== PROVIDED RECORDS

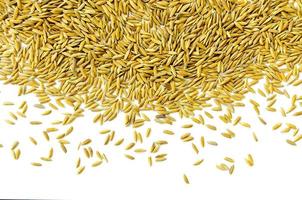 vista superior arroz con cáscara y semillas de arroz, grano de arroz integral y pila de arroz.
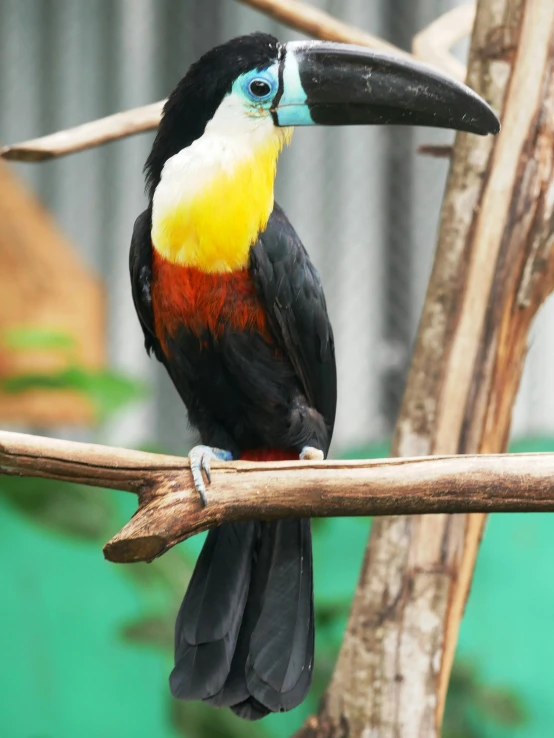 a colorful bird sits on a nch with green and white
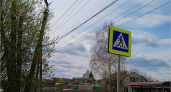 В брянском посёлке Большое Полпино погибают аисты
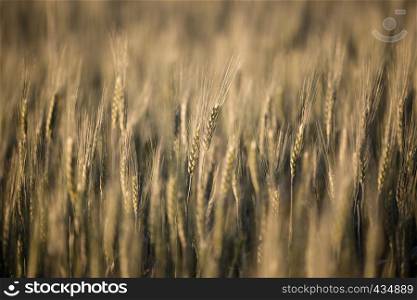 wheat field closeup on the sunset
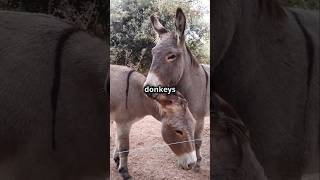 Top 5 Fascinating Facts About Donkeys [upl. by Lyndon]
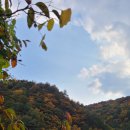 이부바바 이미지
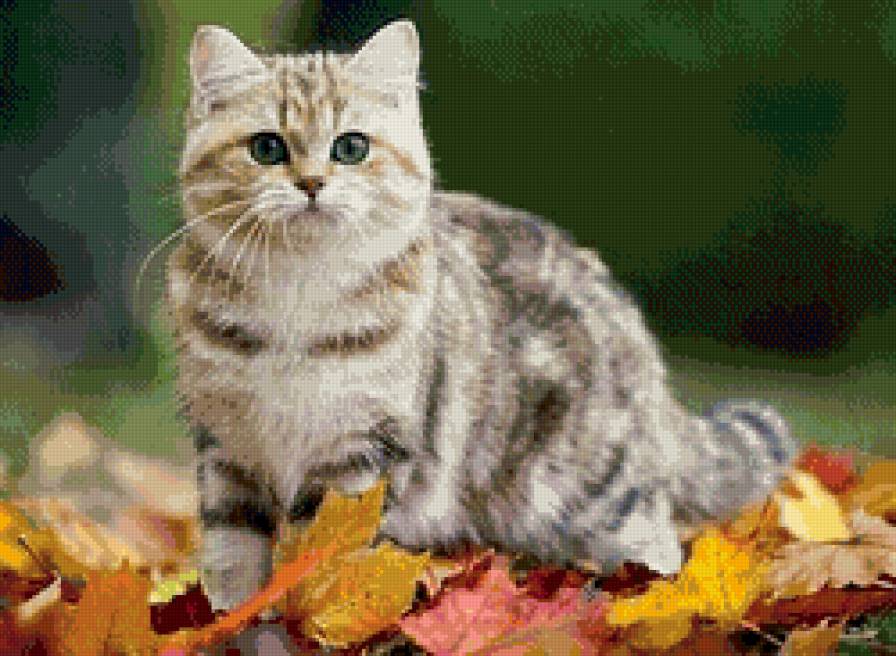 Красавчик - осень, симпатяга, листья, кот - предпросмотр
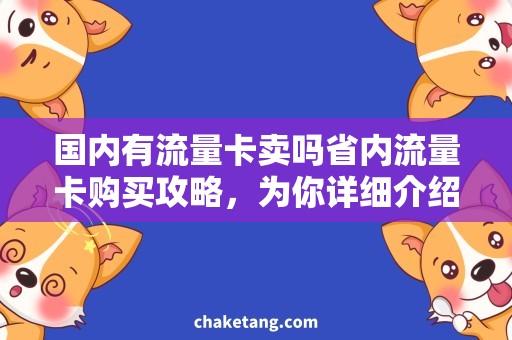 国内有流量卡卖吗省内流量卡购买攻略，为你详细介绍流量卡种类及购买方式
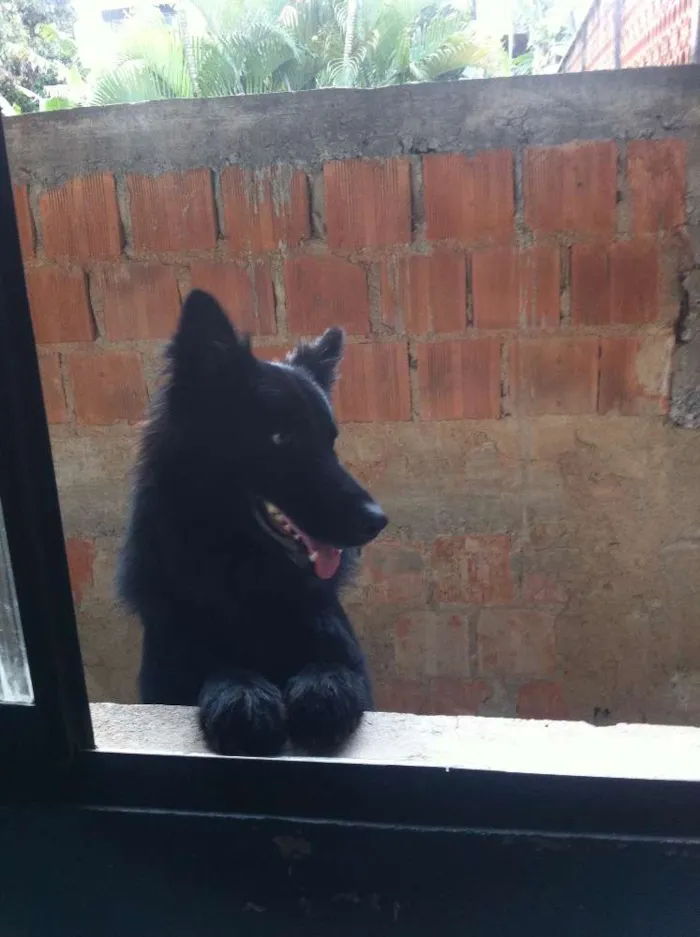 Cachorro ra a Pastor Belga idade 2 anos nome Thor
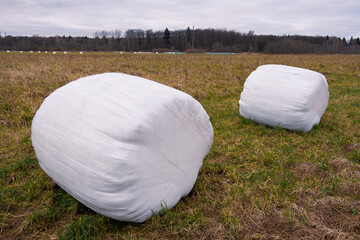 A haystack packed for winter in the field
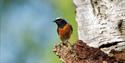 Photo of a redstart standing on a tree branch.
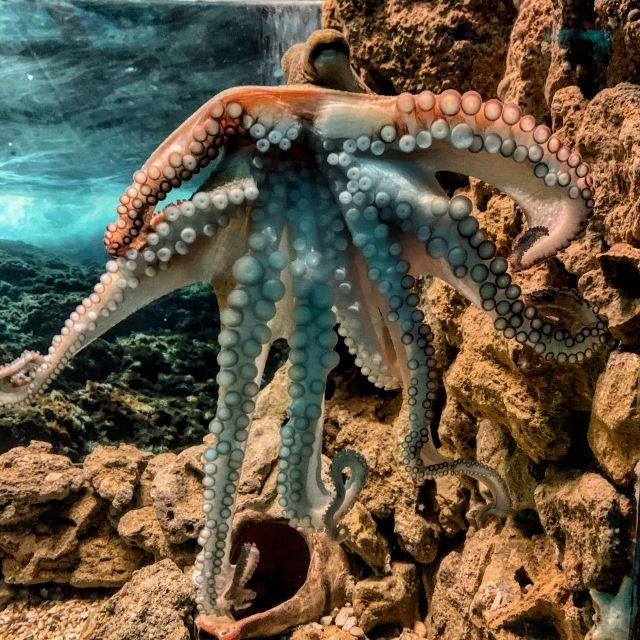 corfu-aquarium-entry-ticket-with-guided-tour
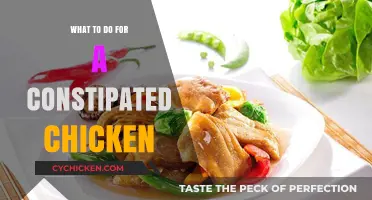 Relieving Constipation in Chickens: Effective Remedies and Care Tips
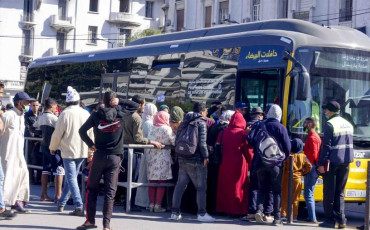 حافلات النقل الحضري - نقل - الدار البيضاء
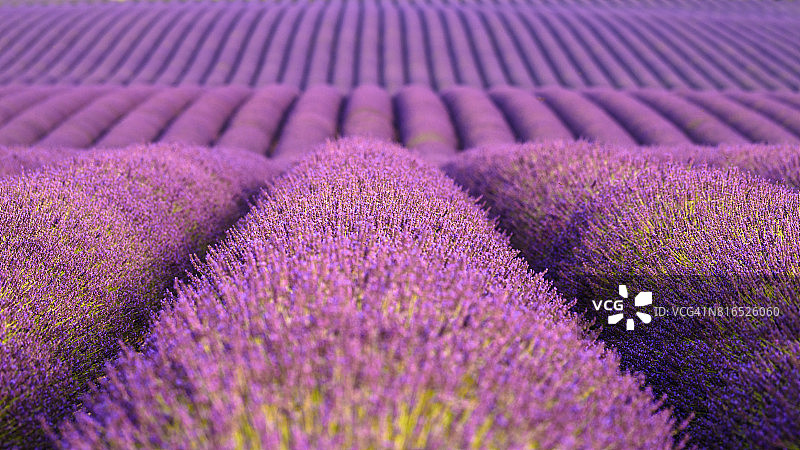 瓦朗索勒薰衣草田图片素材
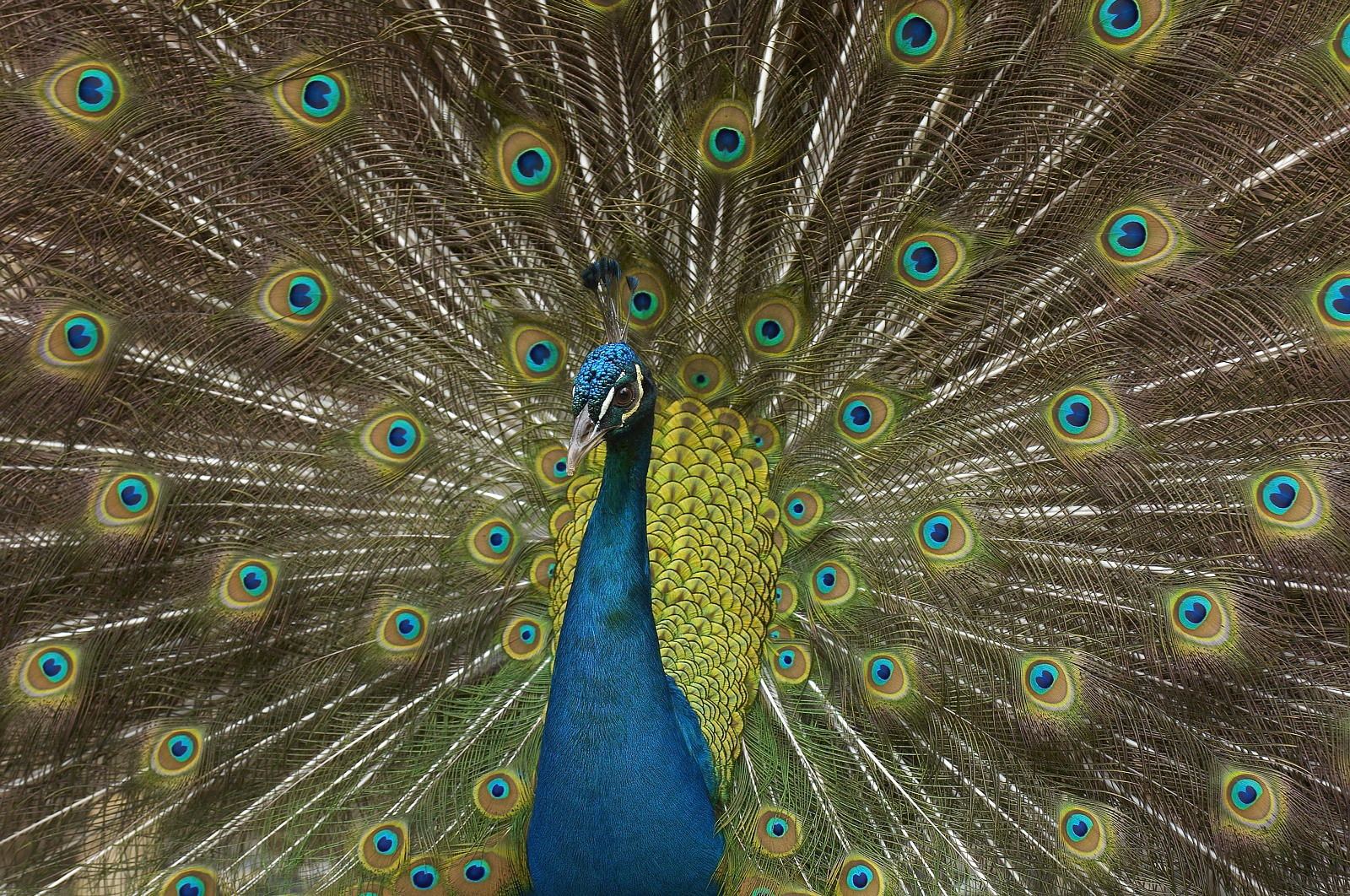 Peacock2.jpg
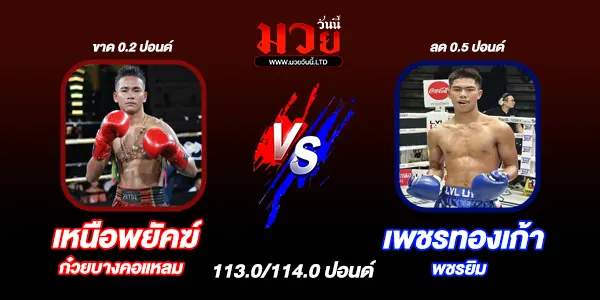 มวยวันนี้
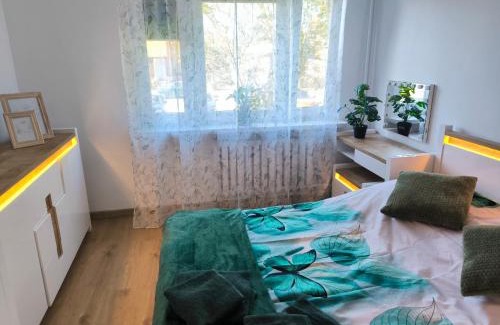 Minsk Mazowiecki Apartment | Apartament Zielono mi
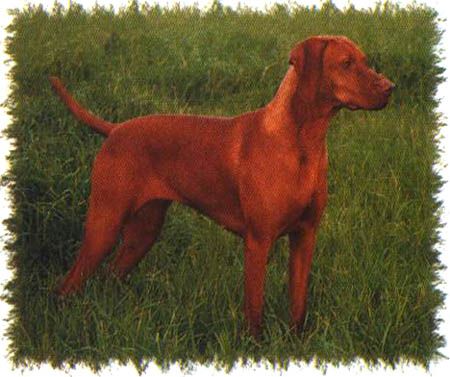 Huntsbury Diamond Mya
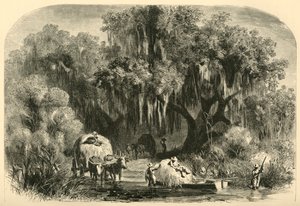 "Yosun Toplayıcılar", 1872.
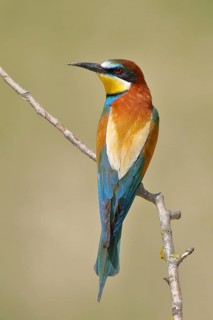 Bee-eater (Merops apiaster) sitting on a branch, Rhineland-Palatinate, Germany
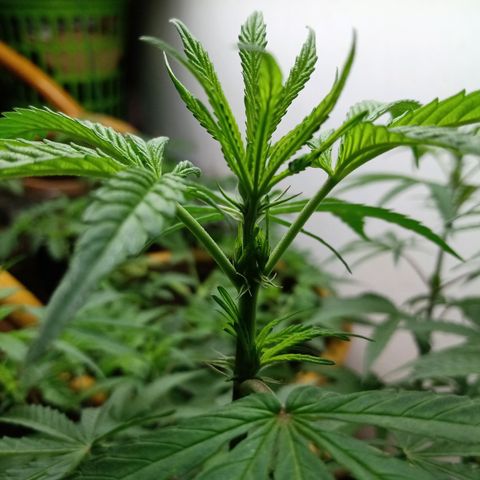 MK 1 growlog timeline photo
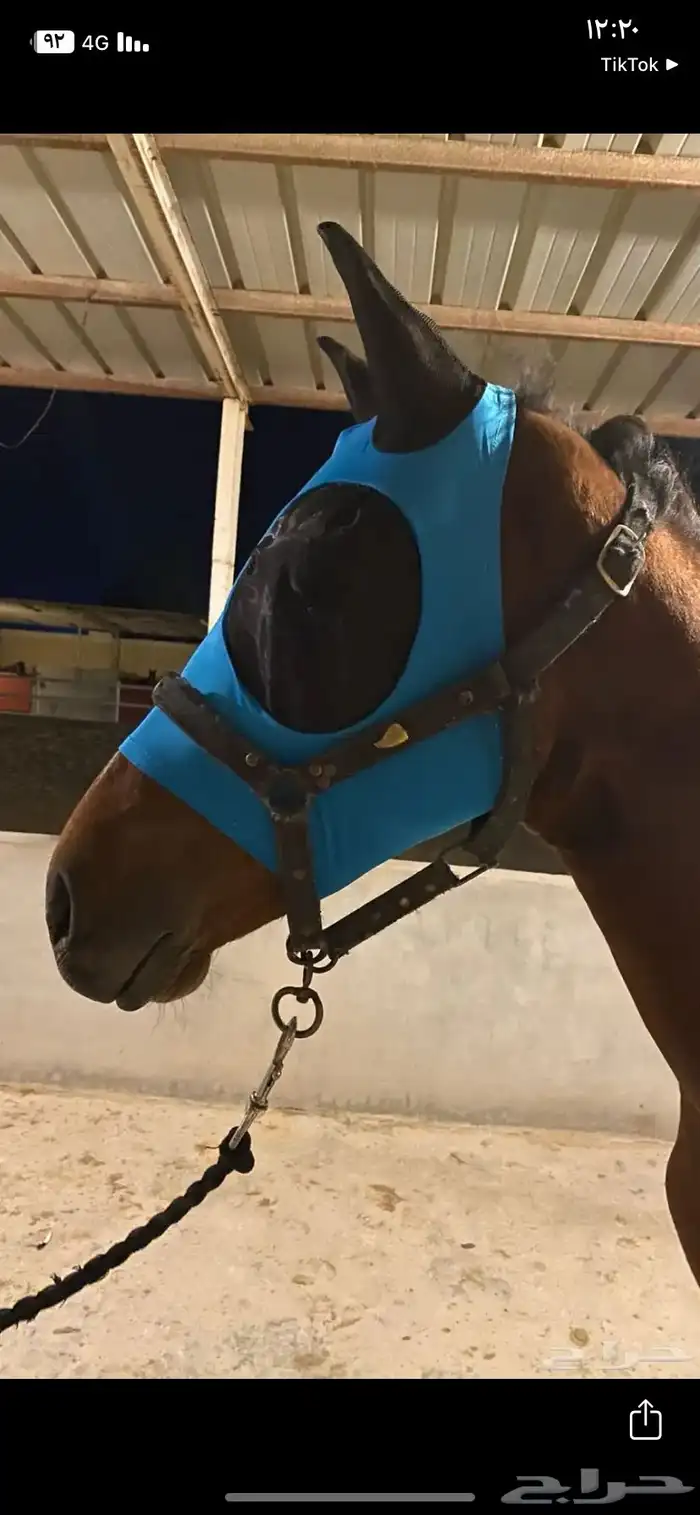 براقع خيل 4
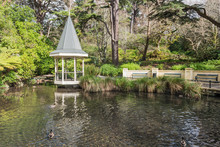 The Duck Pond At The Wellington Botanical Gardens New Zealand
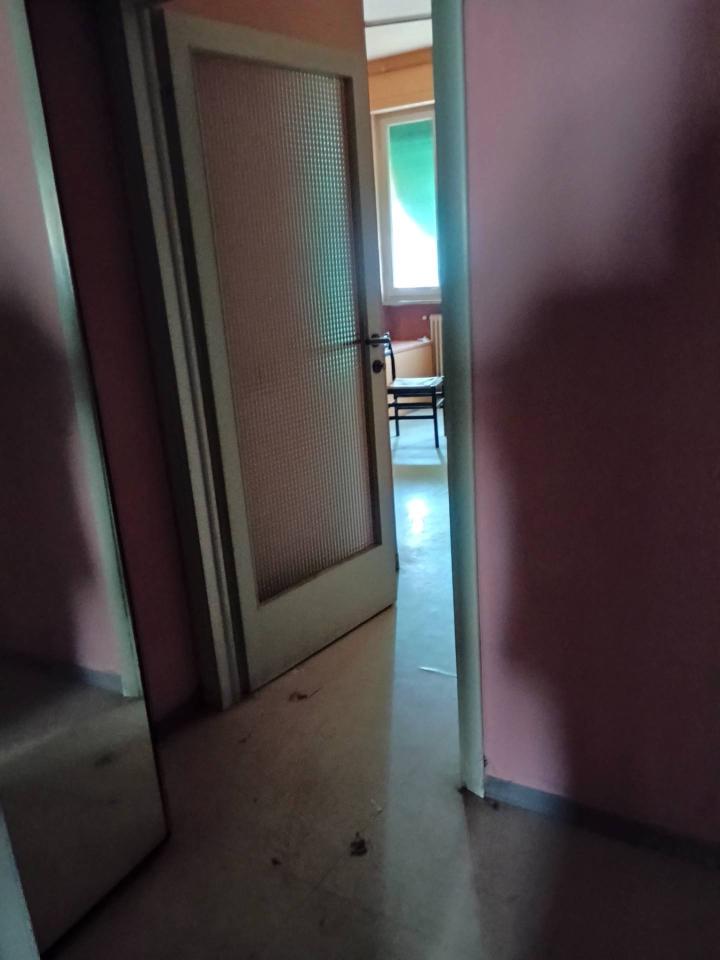 immagine annuncio 4 di 12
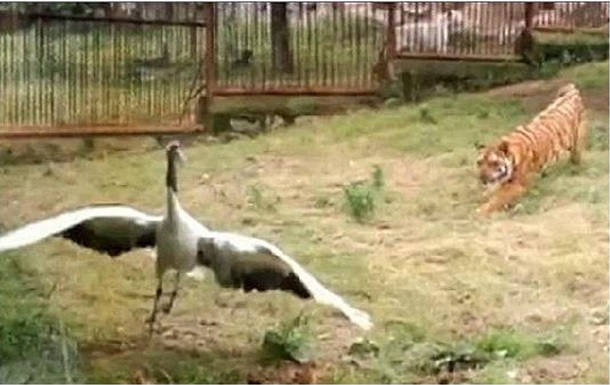 Журавль в одиночку отбился от трех тигров в японском зоопарке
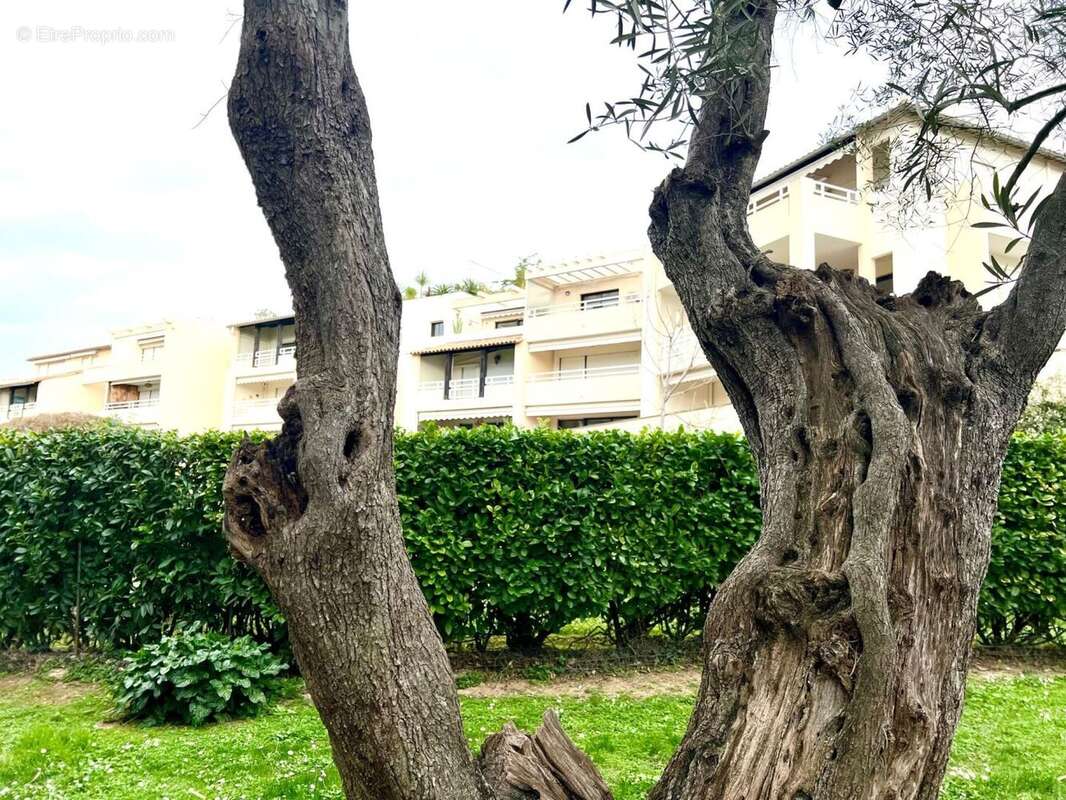 Appartement 62m² à ANTIBES - photo 13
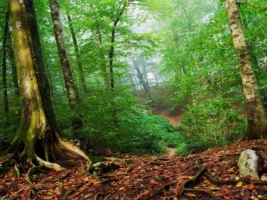 Forest Wallpaper Landscape Nature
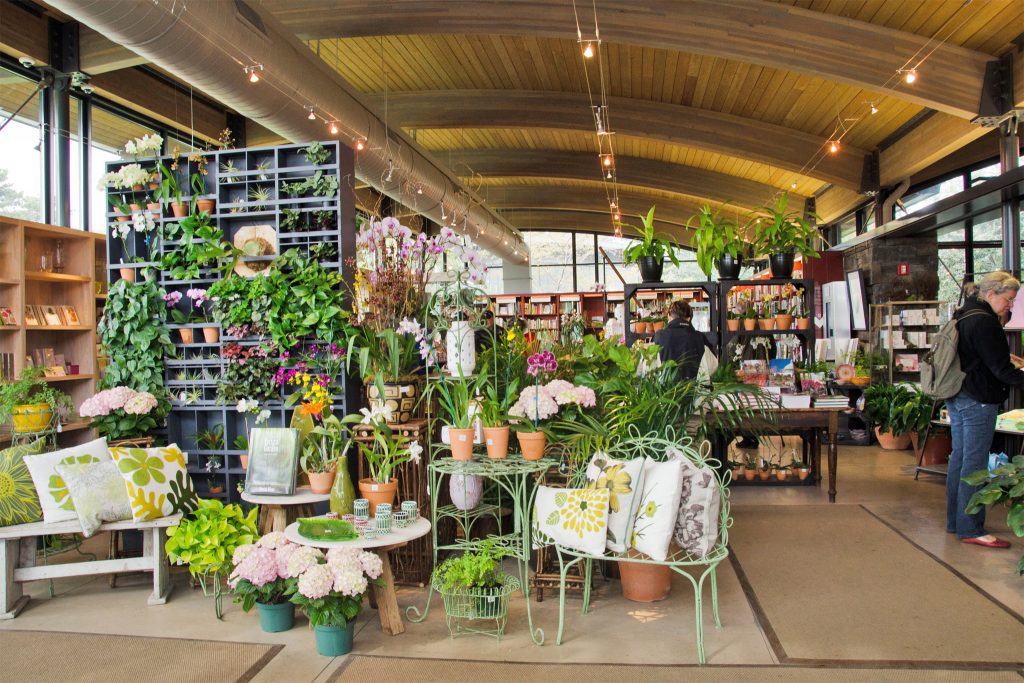 Garden Shops Online, inside garden shop with assortment of plants and accessories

====

* EXERCISE DESCRIPTION
Could you write out all the records exactly, without the pictures?

* SOLUTION
 vista superior arroz con cáscara y semillas de arroz, grano de arroz integral y pila de arroz.
 a colorful bird sits on a nch with green and white
 В брянском посёлке Большое Полпино погибают аисты
 wheat field closeup on the sunset
 Top 5 Fascinating Facts About Donkeys [upl. by Lyndon]
 이부바바 이미지
 Красавчик - осень, симпатяга, листья, кот - предпросмотр
 国内有流量卡卖吗省内流量卡购买攻略，为你详细介绍流量卡种类及购买方式
 Cachorro ra a Pastor Belga idade 2 anos nome Thor
 A haystack packed for winter in the field
 Photo of a redstart standing on a tree branch.
 corfu-aquarium-entry-ticket-with-guided-tour
 Relieving Constipation in Chickens: Effective Remedies and Care Tips
 حافلات النقل الحضري - نقل - الدار البيضاء
 瓦朗索勒薰衣草田图片素材
 Peacock2.jpg
 มวยวันนี้
 Minsk Mazowiecki Apartment | Apartament Zielono mi
 Huntsbury Diamond Mya
 "Yosun Toplayıcılar", 1872.
 Bee-eater (Merops apiaster) sitting on a branch, Rhineland-Palatinate, Germany
 MK 1 growlog timeline photo
 براقع خيل 4
 The Duck Pond At The Wellington Botanical Gardens New Zealand
 immagine annuncio 4 di 12
 Журавль в одиночку отбился от трех тигров в японском зоопарке
 Appartement 62m² à ANTIBES - photo 13
 Forest Wallpaper Landscape Nature
 Garden Shops Online, inside garden shop with assortment of plants and accessories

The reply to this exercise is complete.